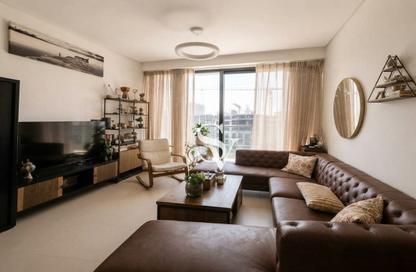 Apartment - 3 - 4 for sale in Altia One - Dubai Silicon Oasis - Dubai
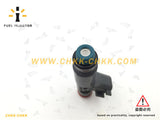 Pontiac Fuel Injection OEM 12582704 , Professional Saturn Fuel Injector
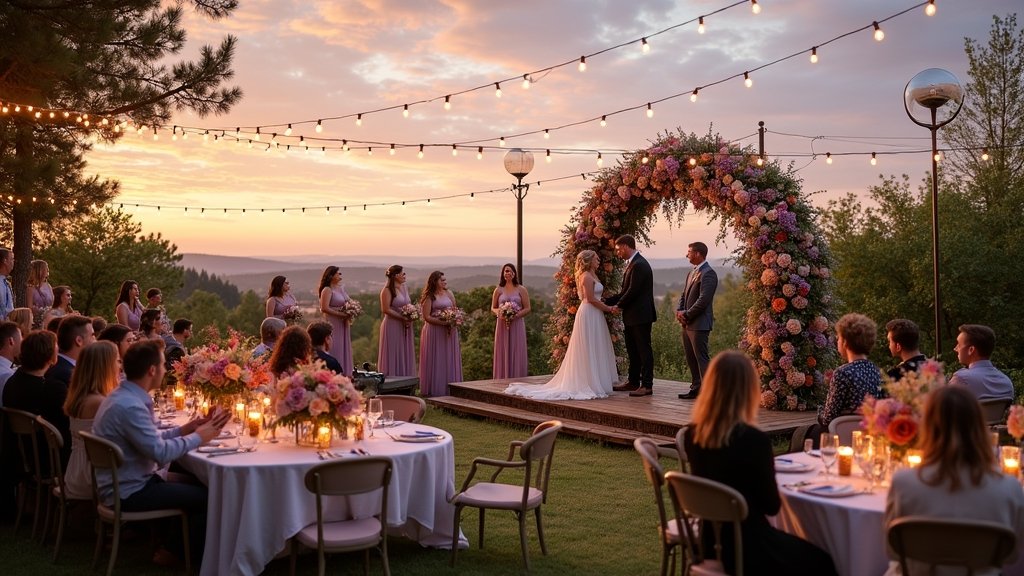 trending wedding ideas 2026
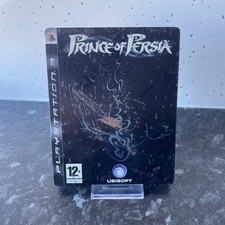 Prince Of Persia Sony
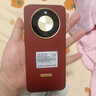 榮耀X70 8+256 朱砂紅 金標十面抗摔 8300mAh青海湖電池 IP69防水 榮耀綠洲護眼屏 AI手機 國家補貼 曬單實拍圖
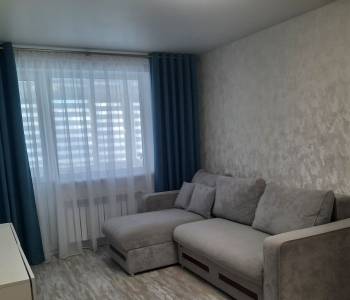 Сдается 1-комнатная квартира, 32 м²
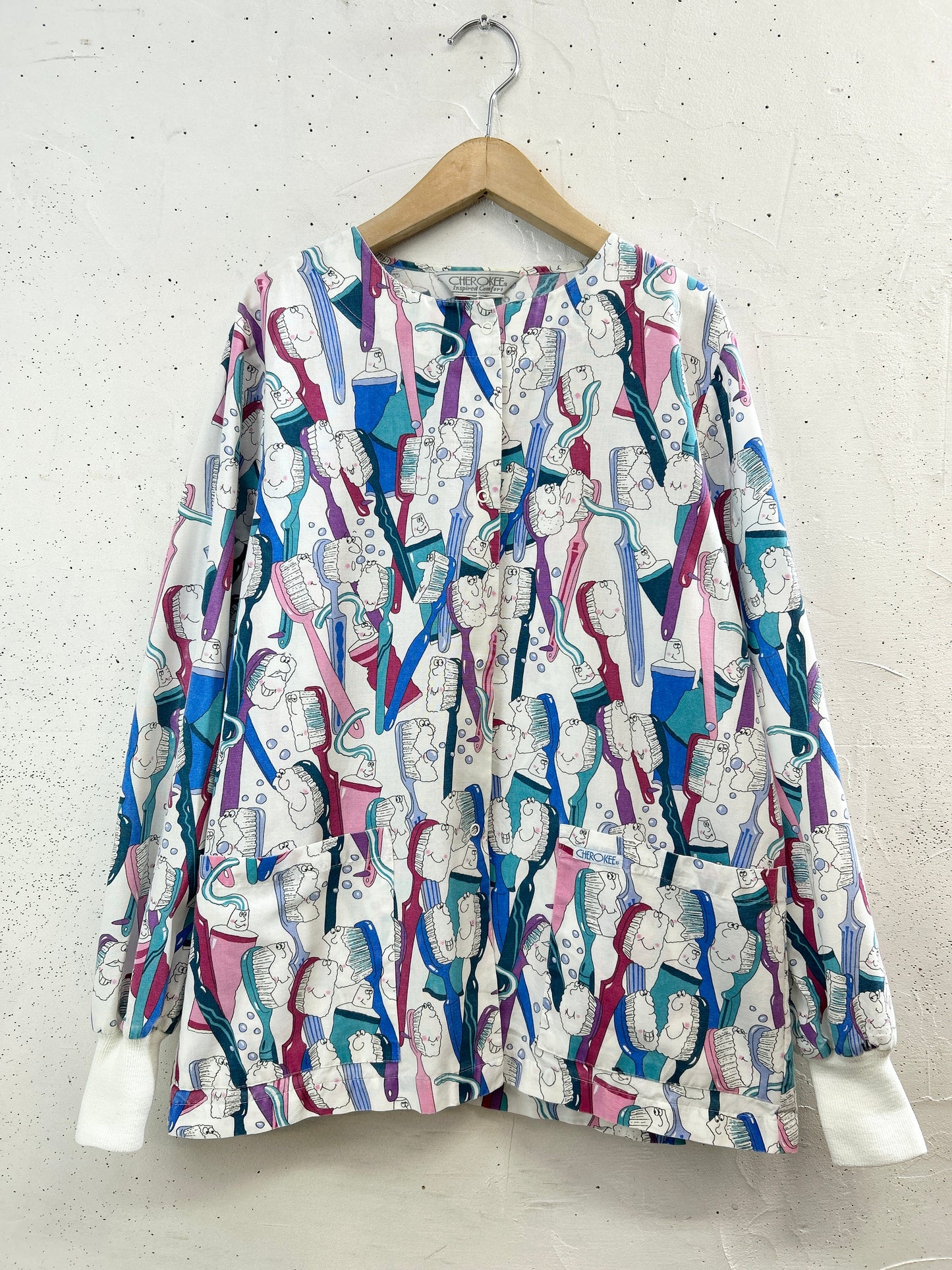 Vintage Shirt [F32801]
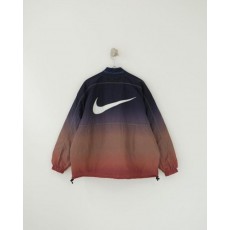 슈** x 나** 콜라보 립스탑 풀오버 아노락  수입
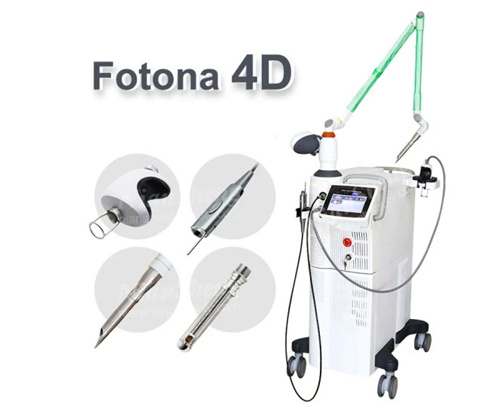 Fotona 4D设备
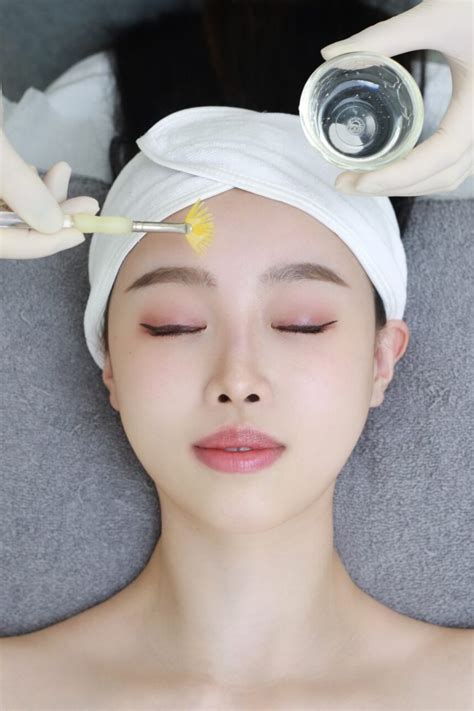 Pro Derm Chemical Peel 67 Degrees Cosmetic Clinic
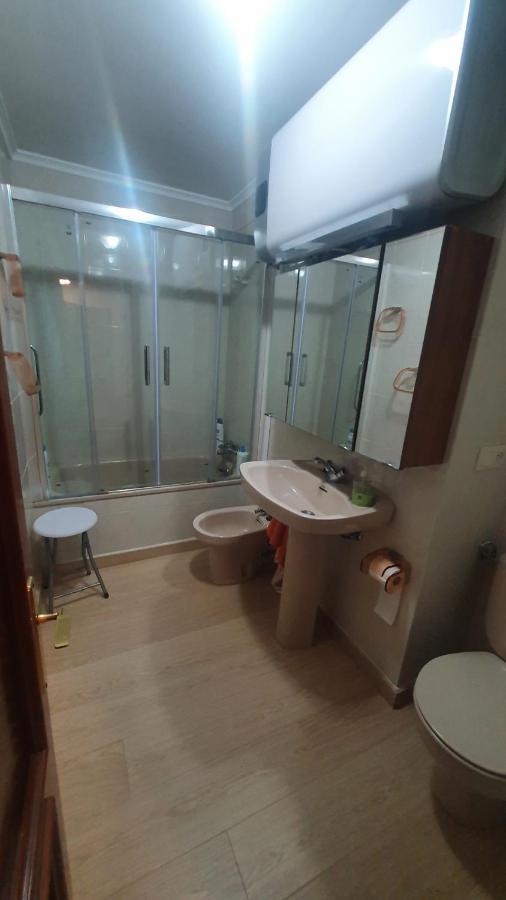 Tauco Ribadesella - Estupendo Piso Para 5 Pax Dış mekan fotoğraf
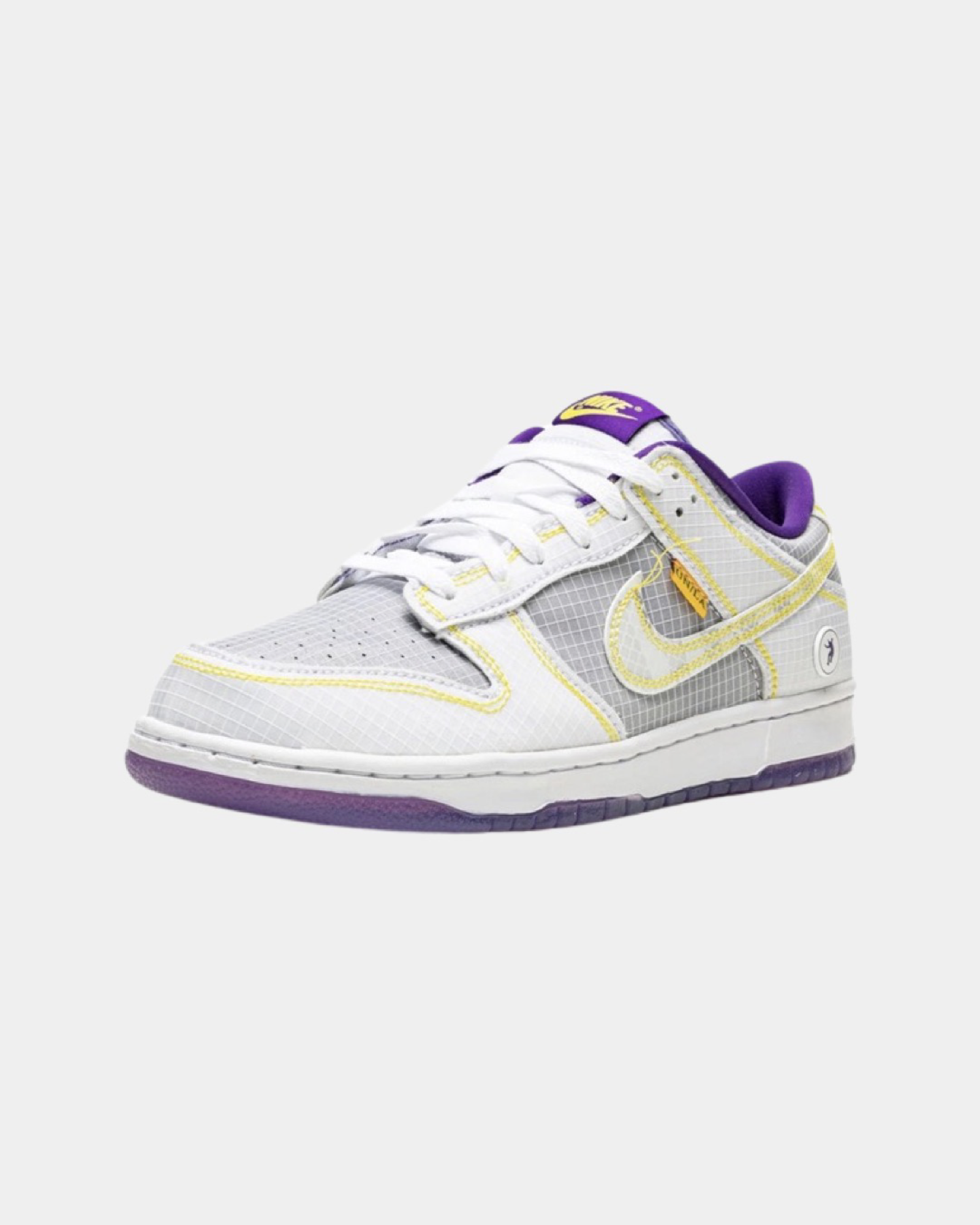 Union LA x Dunk Low 'Passport Pack - Argon' - Creps City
---+---
_BRIEF_.
Once the images are removed, print the remaining data exactly as it appears above.

_ANSWER FOR THE TASK_.
 Apartment - 3 - 4 for sale in Altia One - Dubai Silicon Oasis - Dubai
 Pontiac Fuel Injection OEM 12582704 , Professional Saturn Fuel Injector
 trending wedding ideas 2026
 Prince Of Persia Sony
 榮耀X70 8+256 朱砂紅 金標十面抗摔 8300mAh青海湖電池 IP69防水 榮耀綠洲護眼屏 AI手機 國家補貼 曬單實拍圖
 Сдается 1-комнатная квартира, 32 м²
 Vintage Shirt [F32801]
 슈** x 나** 콜라보 립스탑 풀오버 아노락  수입
 Fotona 4D设备
 Pro Derm Chemical Peel 67 Degrees Cosmetic Clinic
 Tauco Ribadesella - Estupendo Piso Para 5 Pax Dış mekan fotoğraf
 Union LA x Dunk Low 'Passport Pack - Argon' - Creps City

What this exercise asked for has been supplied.